Los párpados, al abrirse, hicieron un clac casi imperceptible, como si estuvieran pegados por una pretérita convivencia con las lágrimas y el humo, o bien por esa secreción que se produce en los ojos irritados después de una lectura muy larga bajo una luz insuficiente.
El dedo meñique de la mano derecha frotó las pestañas, como en un rápido golpe de peine, y las pupilas intentaron ver algo. De hecho, la visión consistió en un panorama de sombras fofas y semilíquidas de gran imprecisión: lo mismo que captaría un hombre deslumbrado por la luz de la calle al penetrar en un acuario. Entre las sombras se imponía una especie de cuchillo largo y vaporoso, del color que suele tener el jugo de las naranjas aplastadas en el puerto. Era un rayo de luz que se filtraba por la ranura de los postigos y que iban agriándose al contacto con la atmósfera cargada de la habitación.
Probablemente serían las cuatro de la tarde y algo más. El hombre de los párpados irritados, Federico de Lloberola, se despertaba normalmente. Nadie le había llamado, ni le había sobresaltado ningún ruido; sus nervios estaban hartos de dormir; había aprovechado hasta el máximo un sueño absurdo y descolorido, de esos que tenemos cuando en la vida no pasa nada, y de los que, al despertar, apenas si recordamos el argumento.

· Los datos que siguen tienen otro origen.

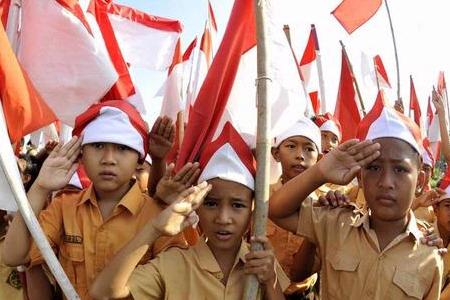 nasionalisme harus dibangun dari kecintaan terhadap bahasa Indonesia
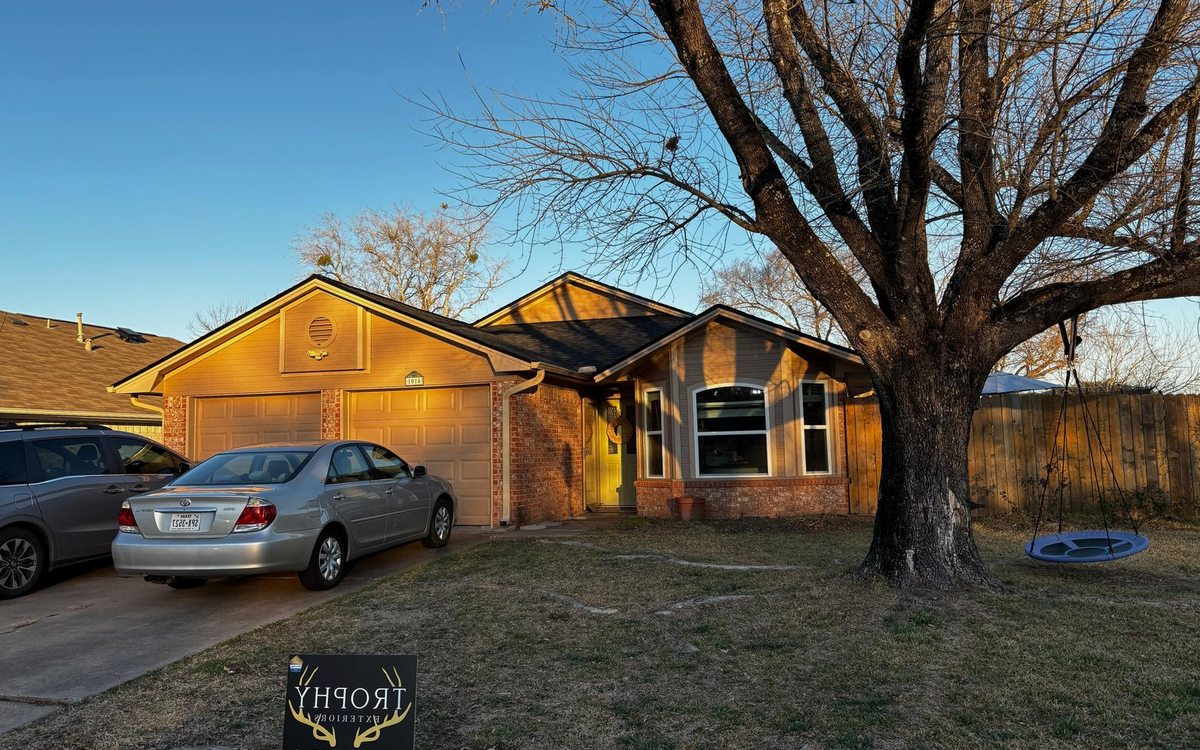 Can I Roof Over My Existing Shingles? in San Antonio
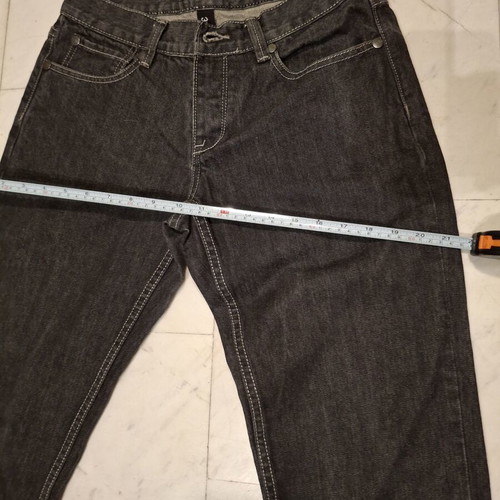 Classic black jeans like new, straight fit, button fly, size M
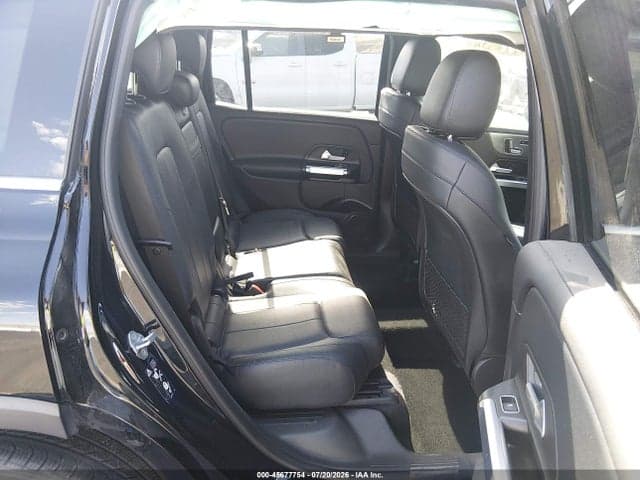 2021 MERCEDES-BENZ GLB 250 4MATIC 8
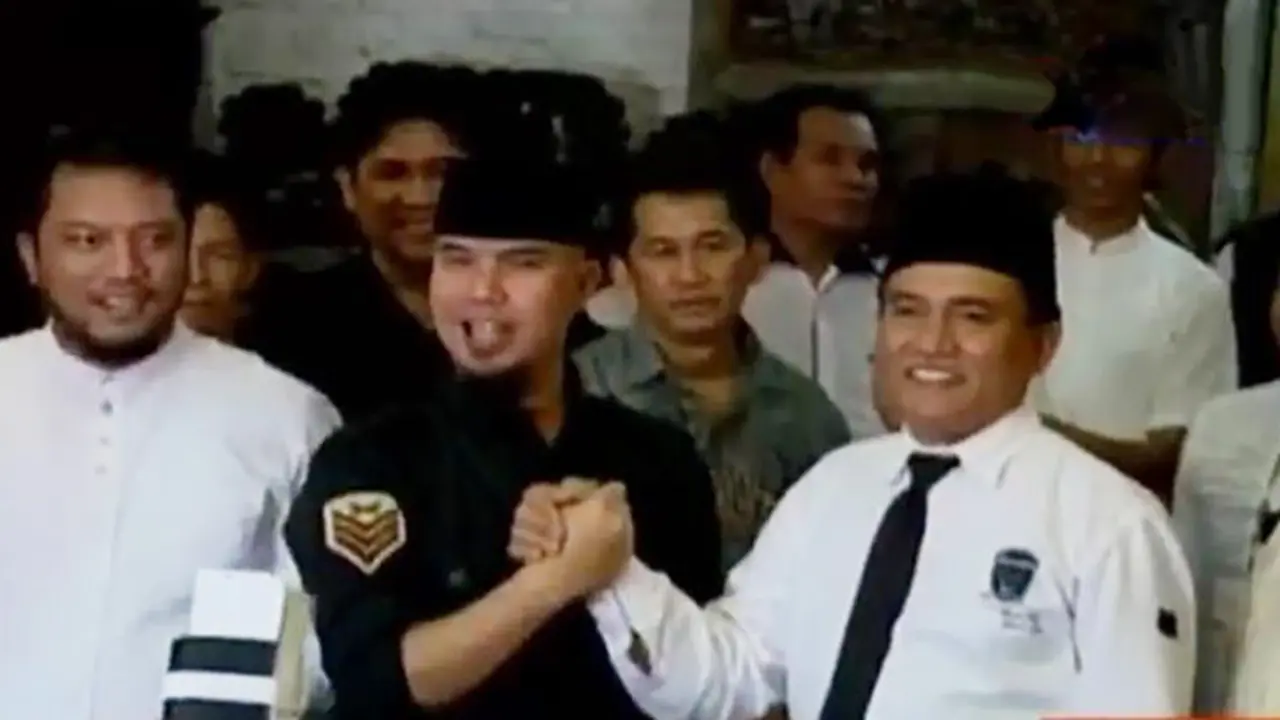 Segmen 2: Para Pesaing Ahok hingga Panik Operasi Simpatik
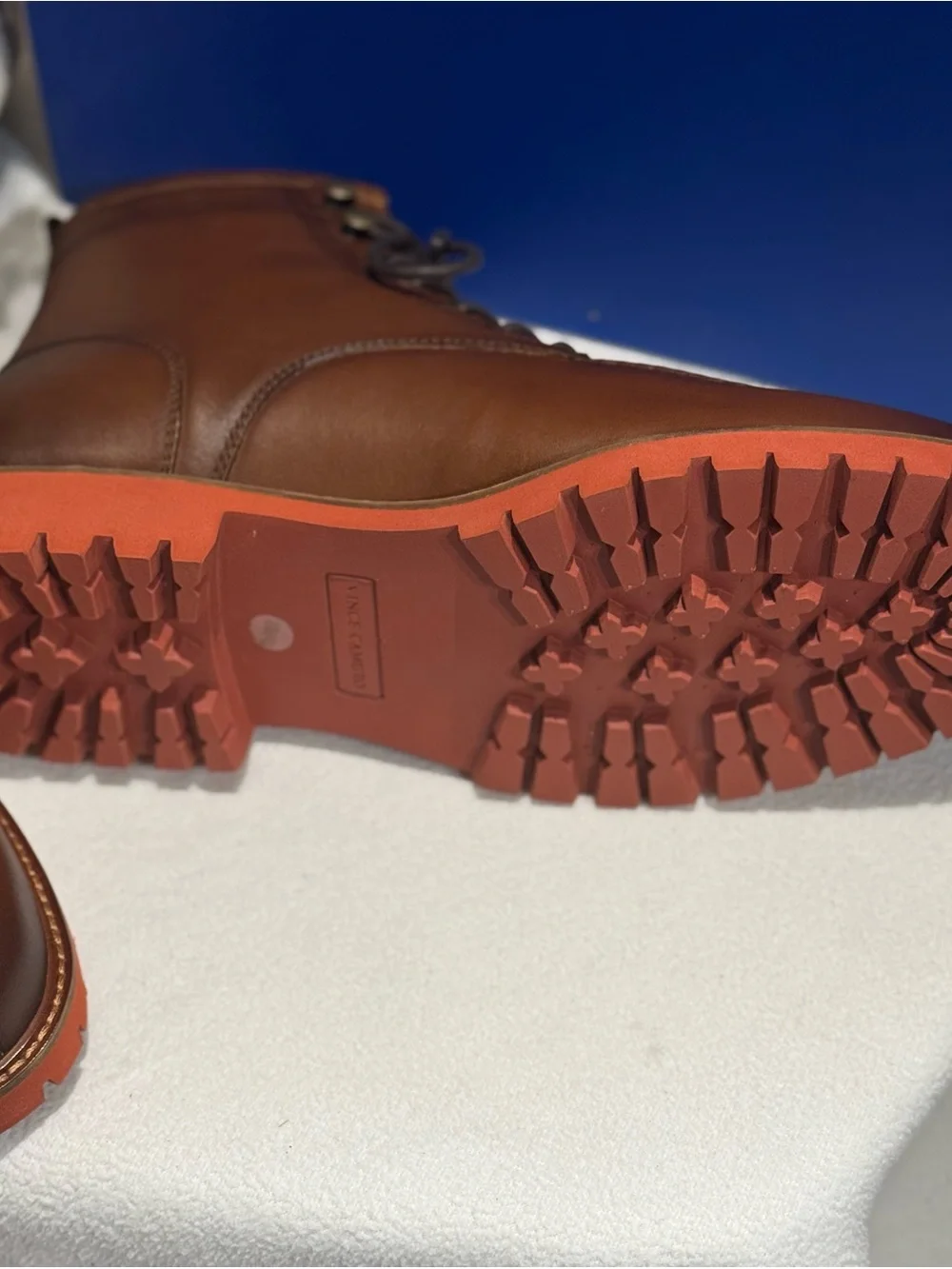 Vince Camuto Men’s Chestnut Brown Leather Chukka Boots S 10 NIB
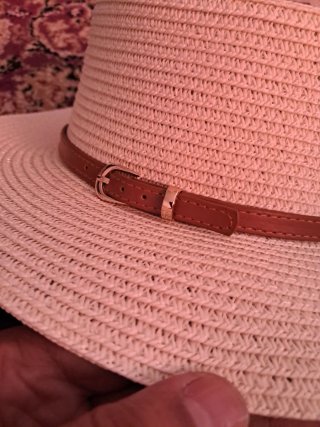 Sombrero de paja beige y marrón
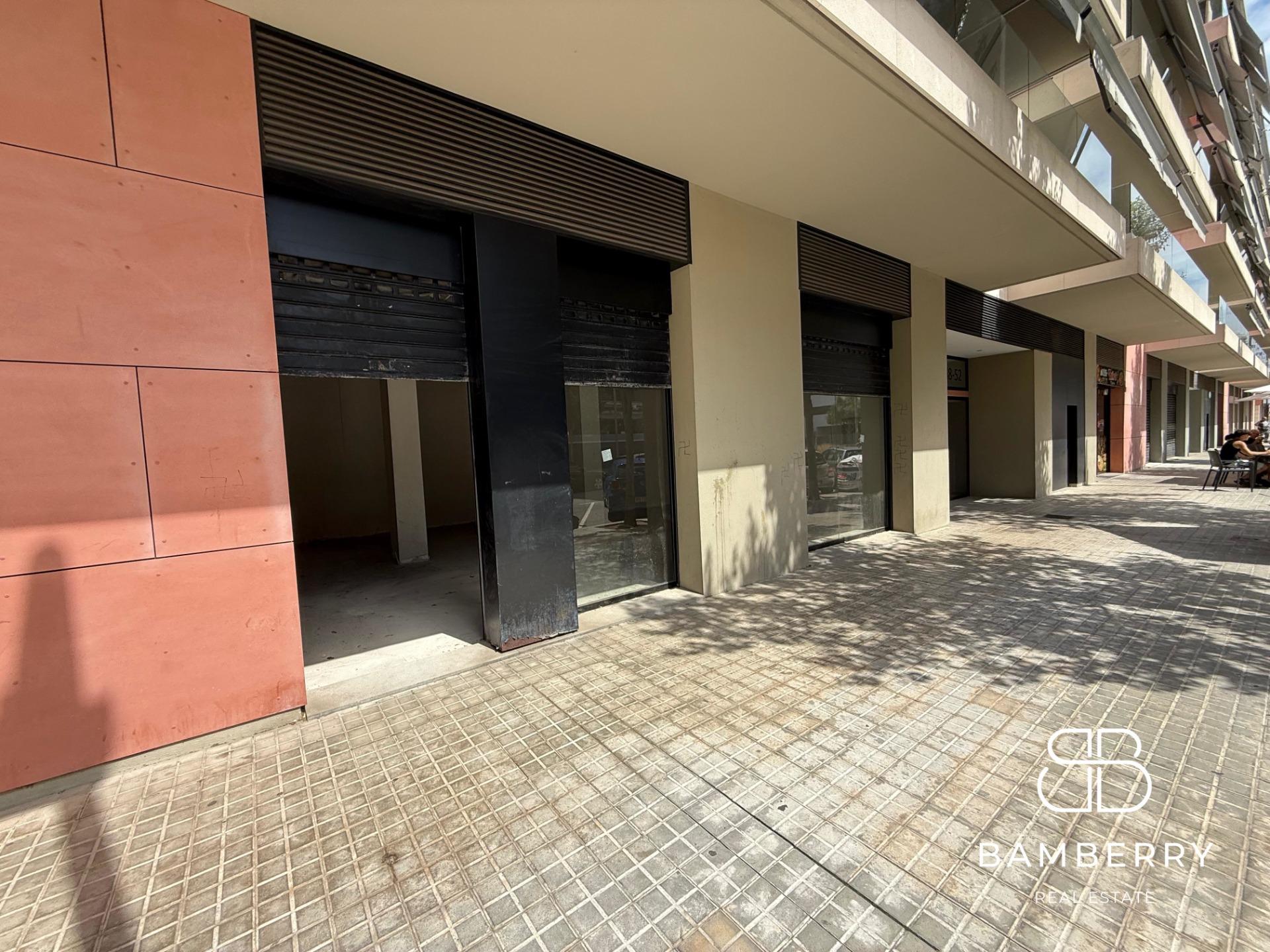 Local diàfan de 84 m² d'obra nova, en planta baixa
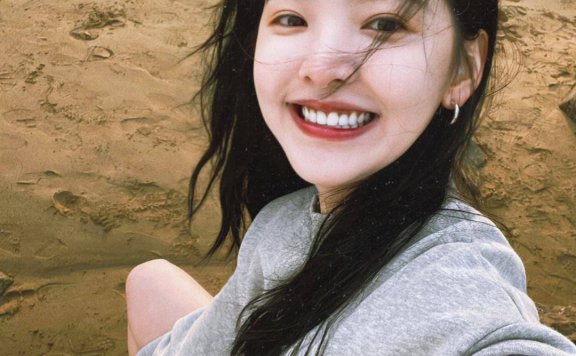 “氧气美女”章若楠雪肤玉貌太惊艳!双腿勾人性感甜美太有女人味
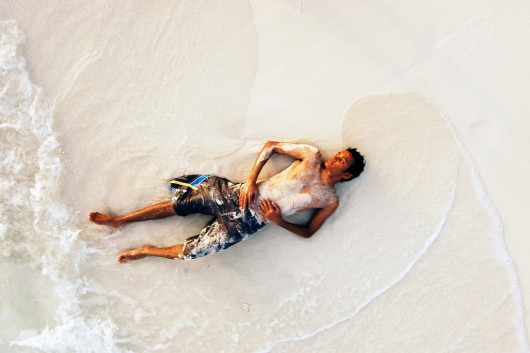 Relaxing in Maldives by Matu (CC-BY) http://bit.ly/4CbXfz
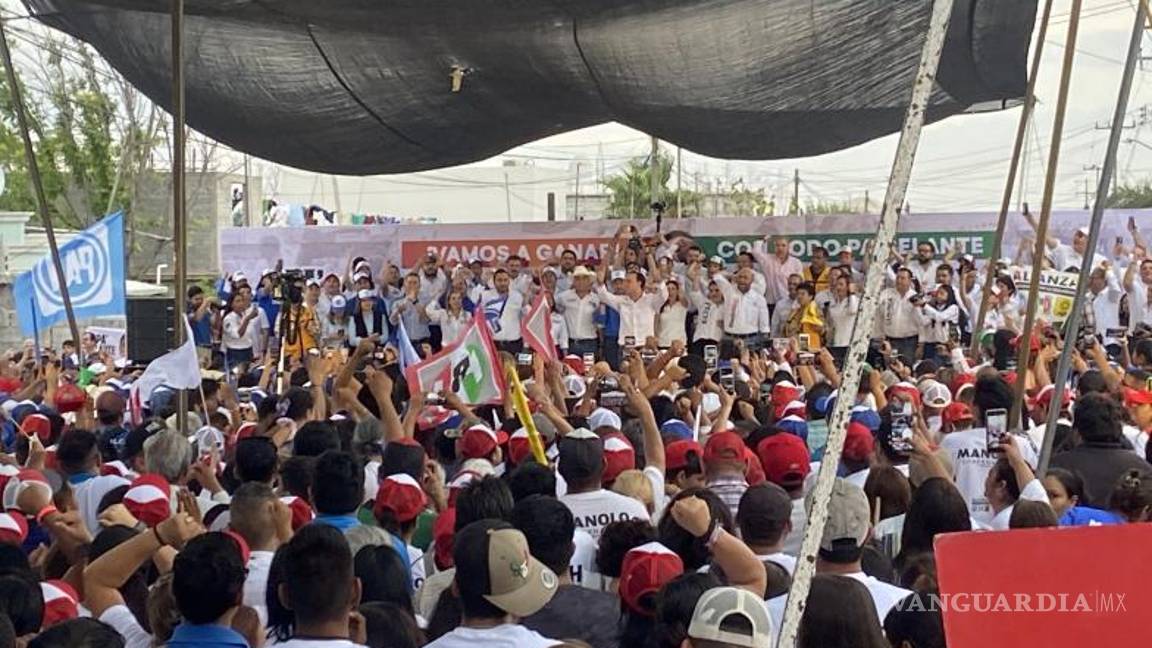 $!Los colores azul, verde, blanco, rojo y amarillo que caracterizan a estos partidos políticos destacaron de entre los miles de asistentes.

Federico no tardó ni ocho segundos en ponerse a nivel de la realidad.
Sobre las baldosas desnudas yacían prendas de vestir de él dolidas de su desorden, mezcladas con unas medias de gasa y una camisa de mujer, de punto de algodón, deshinchada y, por si fuera poco, sucia.
Las cuatro sillas estaban cargadas de cosas de ella; el pequeño tocador parecía cansado de tantas botellitas, polveras, pinzas y tijeras, y el armario abierto era como una exhibición de lúgubre pompa, porque, en los colgadores, los vestidos y abrigos, vivos de colores y aplicaciones, parecían princesas de barraca de feria excesivamente delgadas, a las que hubieran decapitado y hubieran clavado un anzuelo en la tráquea. Sobre el armario dormían vacías cajas de sombreros, cubiertas de polvo, en compañía de un perro disecado. Este perro había ido a parar a manos de un taxidermista inhábil, que lo rellenó deplorablemente, dejándole al descubierto todos los puntos de sutura entre el pelo del vientre frecuentado por las polillas. Su ama le había adornado el cuello con un pedazo de liga pasada de moda, en la que languidecían tres minúsculas rosas de satén, como tres gotas de sangre.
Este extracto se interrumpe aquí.